**The problem**
Output must consist only of the lines of the material below from the one with "12480 N 174th Ln — Photo 1" through the one with "Text overlay in art Hotel Tucholsky", each reproduced exactly; no pictures belong in it.

**Data section**
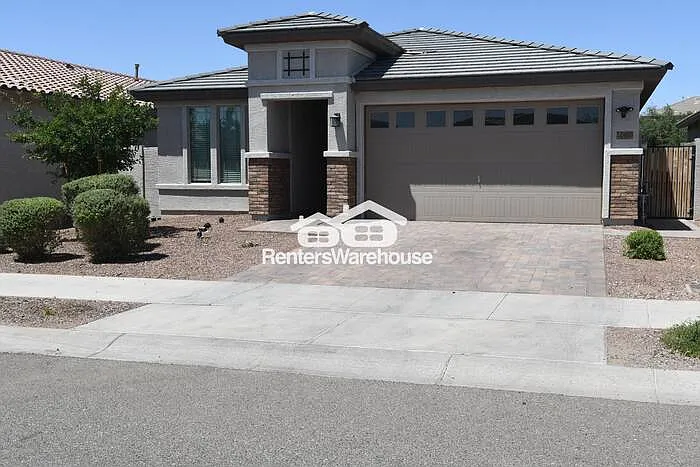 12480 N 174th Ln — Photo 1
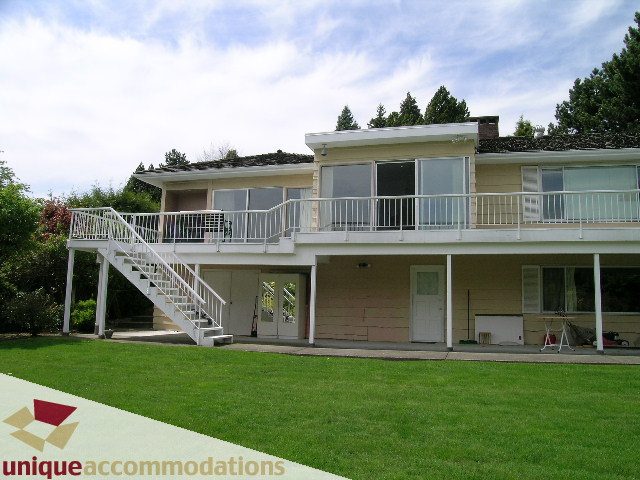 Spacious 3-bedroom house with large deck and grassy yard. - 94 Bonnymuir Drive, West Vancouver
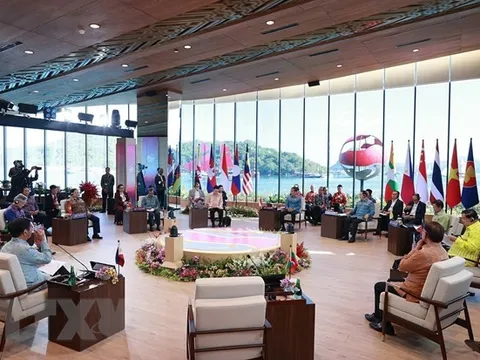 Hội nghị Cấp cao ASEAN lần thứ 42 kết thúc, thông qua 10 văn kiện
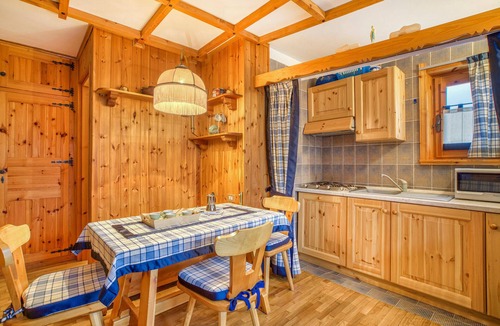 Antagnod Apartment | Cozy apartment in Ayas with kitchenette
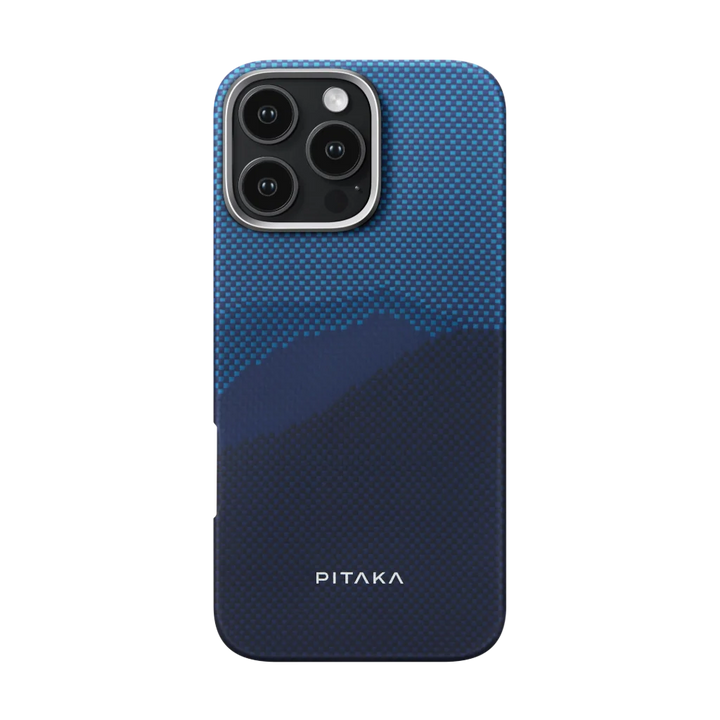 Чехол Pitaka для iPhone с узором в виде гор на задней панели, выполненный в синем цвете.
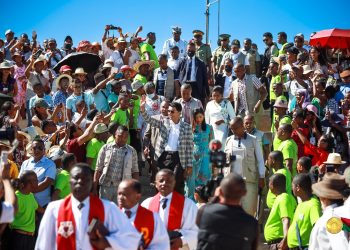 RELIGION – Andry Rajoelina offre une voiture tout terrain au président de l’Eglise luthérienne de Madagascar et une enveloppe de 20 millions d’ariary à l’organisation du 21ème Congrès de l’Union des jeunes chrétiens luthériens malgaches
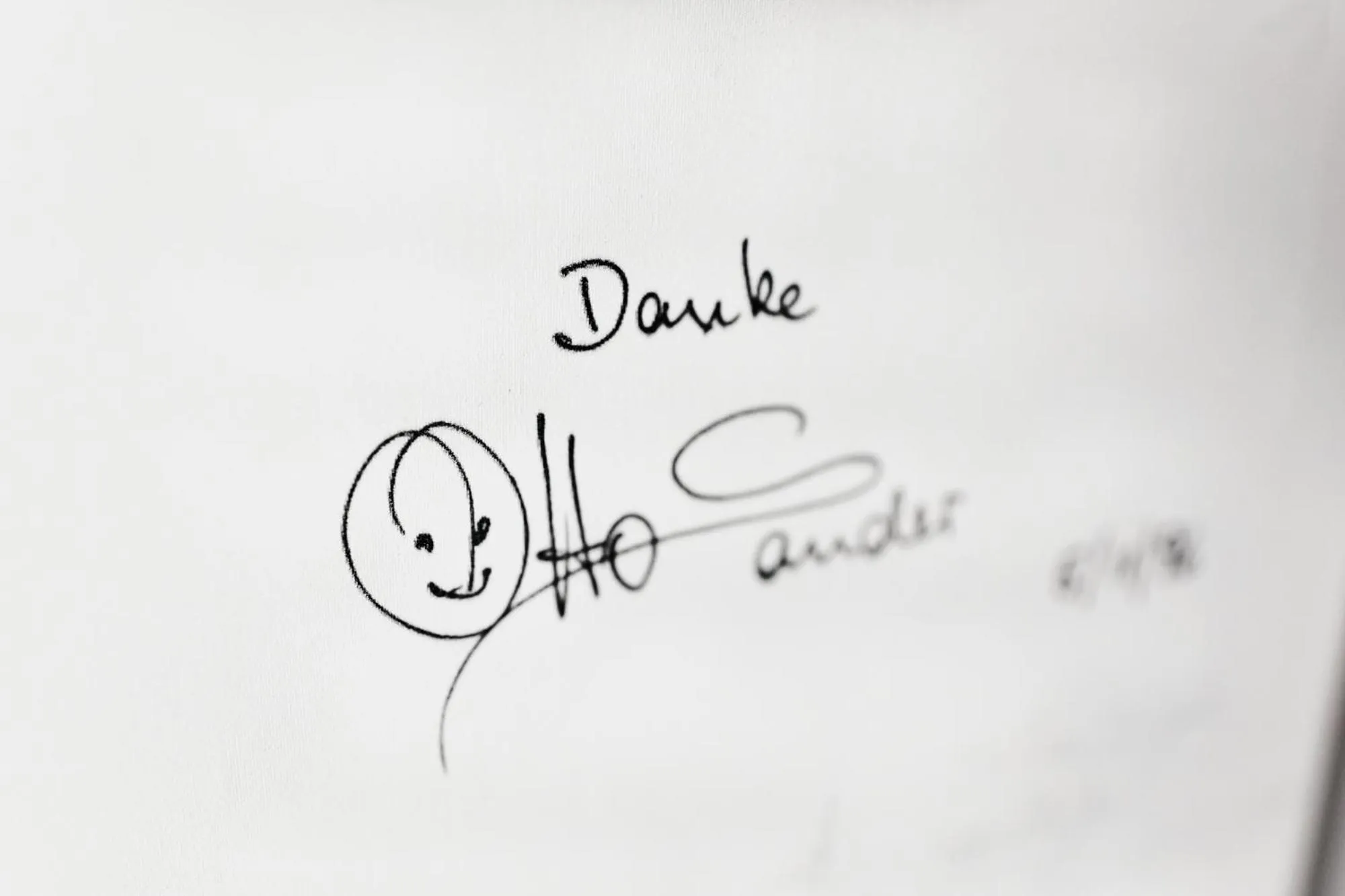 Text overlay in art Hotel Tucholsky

...

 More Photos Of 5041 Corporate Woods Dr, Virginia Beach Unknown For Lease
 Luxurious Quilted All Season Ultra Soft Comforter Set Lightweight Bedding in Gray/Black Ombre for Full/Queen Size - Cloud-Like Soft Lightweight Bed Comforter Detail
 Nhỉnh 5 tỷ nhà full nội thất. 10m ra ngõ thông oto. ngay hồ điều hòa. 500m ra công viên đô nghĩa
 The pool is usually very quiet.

**Expected answer**
 12480 N 174th Ln — Photo 1
 Spacious 3-bedroom house with large deck and grassy yard. - 94 Bonnymuir Drive, West Vancouver
 Hội nghị Cấp cao ASEAN lần thứ 42 kết thúc, thông qua 10 văn kiện
 Antagnod Apartment | Cozy apartment in Ayas with kitchenette
 Чехол Pitaka для iPhone с узором в виде гор на задней панели, выполненный в синем цвете.
 RELIGION – Andry Rajoelina offre une voiture tout terrain au président de l’Eglise luthérienne de Madagascar et une enveloppe de 20 millions d’ariary à l’organisation du 21ème Congrès de l’Union des jeunes chrétiens luthériens malgaches
 Text overlay in art Hotel Tucholsky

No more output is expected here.